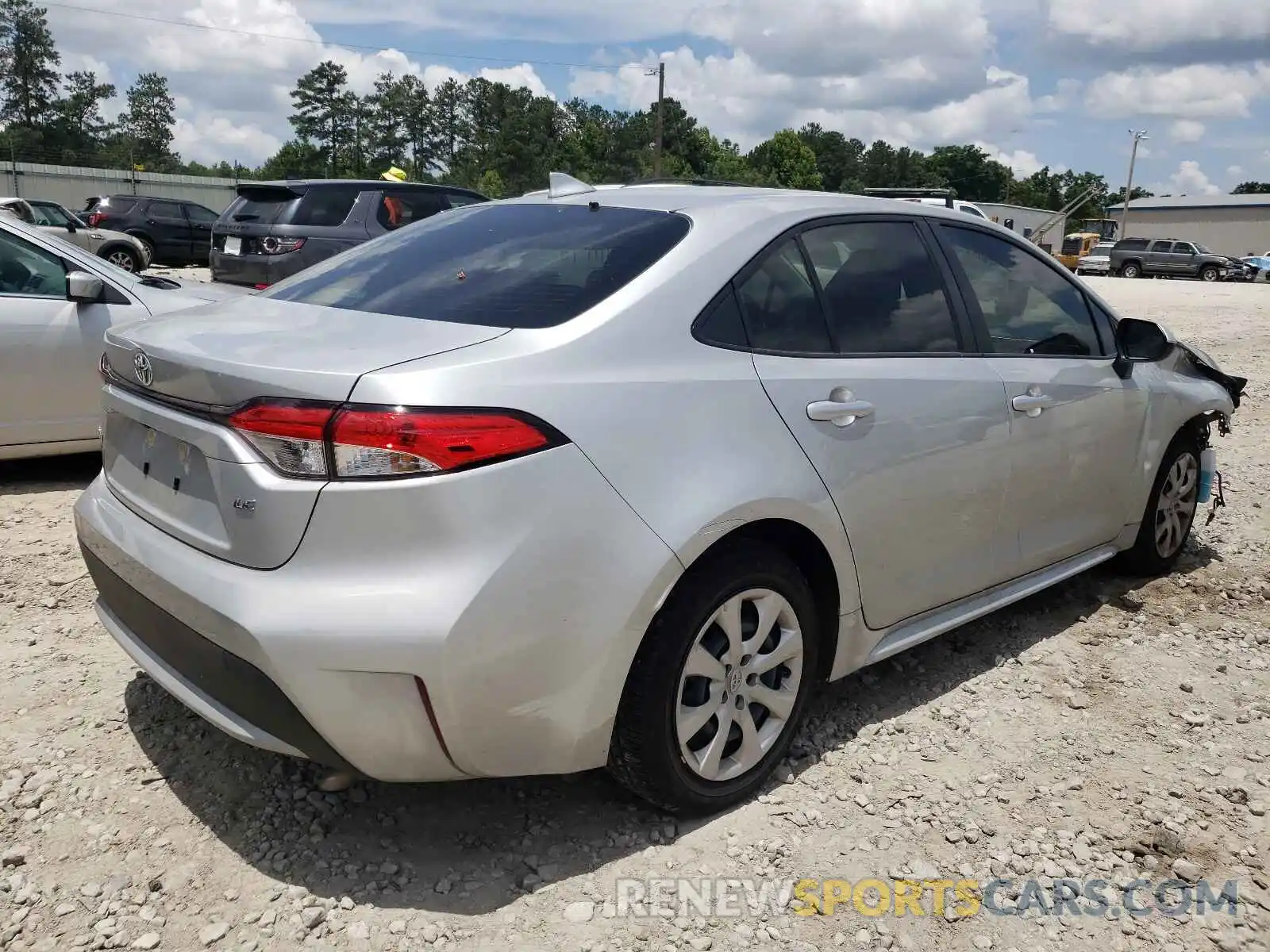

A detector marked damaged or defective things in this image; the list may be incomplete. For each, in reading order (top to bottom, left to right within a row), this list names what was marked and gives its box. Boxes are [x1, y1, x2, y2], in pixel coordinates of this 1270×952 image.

damaged silver toyota corolla [74, 180, 1245, 822]
exposed front wheel [1122, 436, 1199, 578]
exposed front wheel [606, 543, 822, 812]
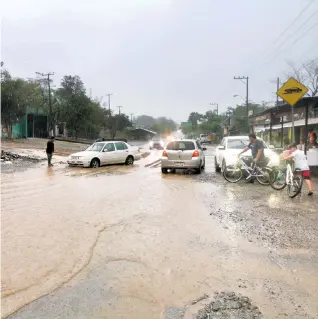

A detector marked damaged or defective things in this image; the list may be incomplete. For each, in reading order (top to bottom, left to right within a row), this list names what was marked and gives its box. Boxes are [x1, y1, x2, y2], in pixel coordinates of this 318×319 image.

pothole in road [195, 292, 262, 319]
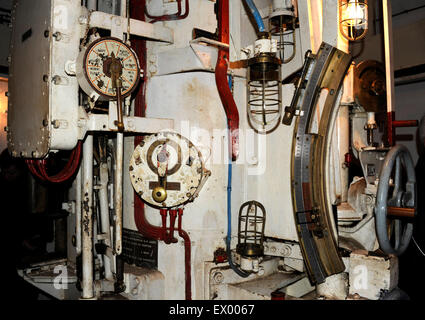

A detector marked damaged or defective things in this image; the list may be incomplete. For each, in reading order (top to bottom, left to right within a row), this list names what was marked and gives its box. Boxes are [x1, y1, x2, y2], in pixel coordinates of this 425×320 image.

rusty metal surface [7, 0, 52, 158]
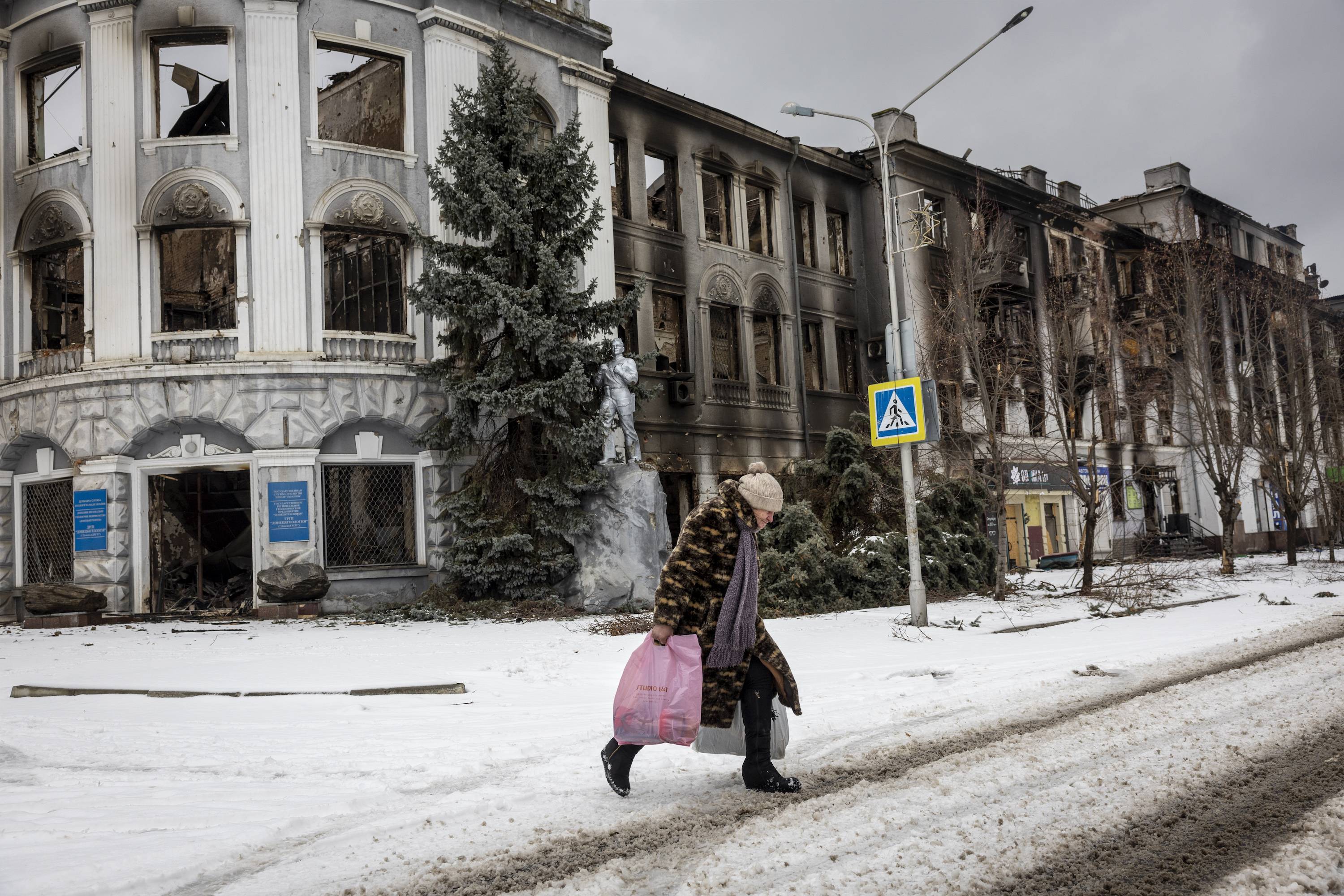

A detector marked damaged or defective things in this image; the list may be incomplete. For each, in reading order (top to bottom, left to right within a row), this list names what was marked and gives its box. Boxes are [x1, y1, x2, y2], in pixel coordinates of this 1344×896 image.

broken window [25, 52, 83, 166]
broken window [152, 31, 228, 139]
broken window [314, 40, 403, 151]
broken window [521, 101, 548, 146]
broken window [31, 243, 85, 352]
broken window [159, 228, 238, 333]
broken window [324, 231, 406, 336]
broken window [610, 139, 629, 220]
broken window [645, 150, 677, 229]
broken window [653, 293, 688, 373]
broken window [699, 168, 731, 243]
broken window [710, 306, 742, 381]
broken window [747, 180, 780, 254]
broken window [753, 311, 785, 387]
broken window [790, 202, 812, 270]
broken window [801, 323, 823, 389]
broken window [823, 208, 844, 275]
broken window [833, 323, 855, 389]
broken window [22, 481, 73, 586]
broken window [321, 462, 414, 567]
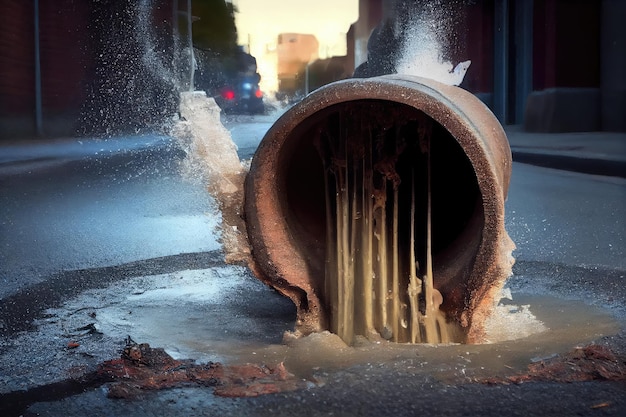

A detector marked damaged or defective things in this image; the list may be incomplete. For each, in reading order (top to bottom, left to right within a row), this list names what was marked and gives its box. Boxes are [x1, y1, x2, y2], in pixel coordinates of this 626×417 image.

rusty pipe exterior [243, 75, 512, 342]
rust stain on pipe [244, 75, 512, 344]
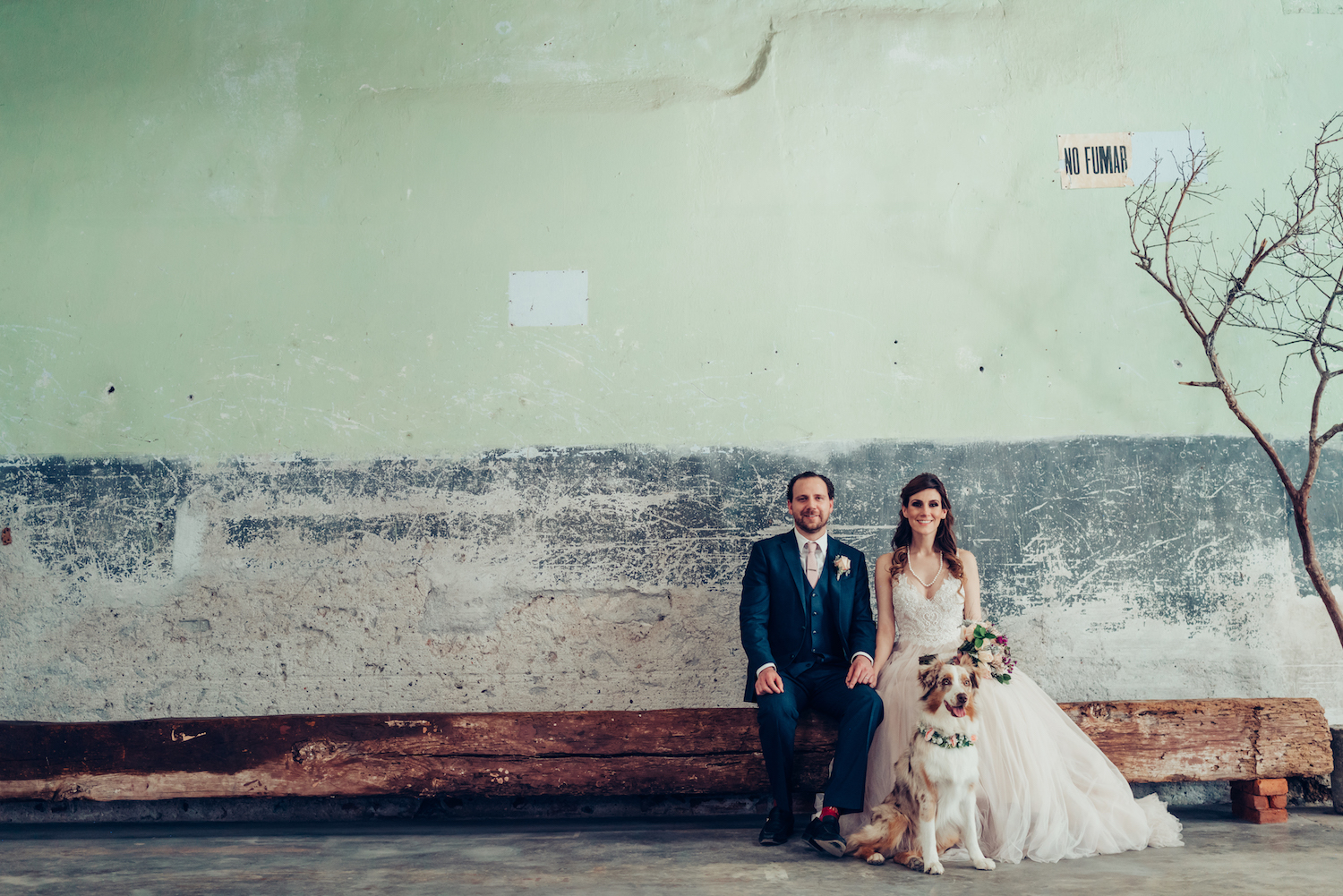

## PROBLEM
Quote exactly the lines from the line that contains "this 626×417 image." through the last line of the listing, please, leaving out all pictures.

## EXPECTED ANSWER
A detector marked damaged or defective things in this image; the list may be incomplete. For each, in reading order (top to bottom, left to right within a row), this list names what was marked and gives its box. Boxes are [x1, y1, x2, y2], in pixel coordinates of this 626×417 image.

rusty pipe exterior [243, 75, 512, 342]
rust stain on pipe [244, 75, 512, 344]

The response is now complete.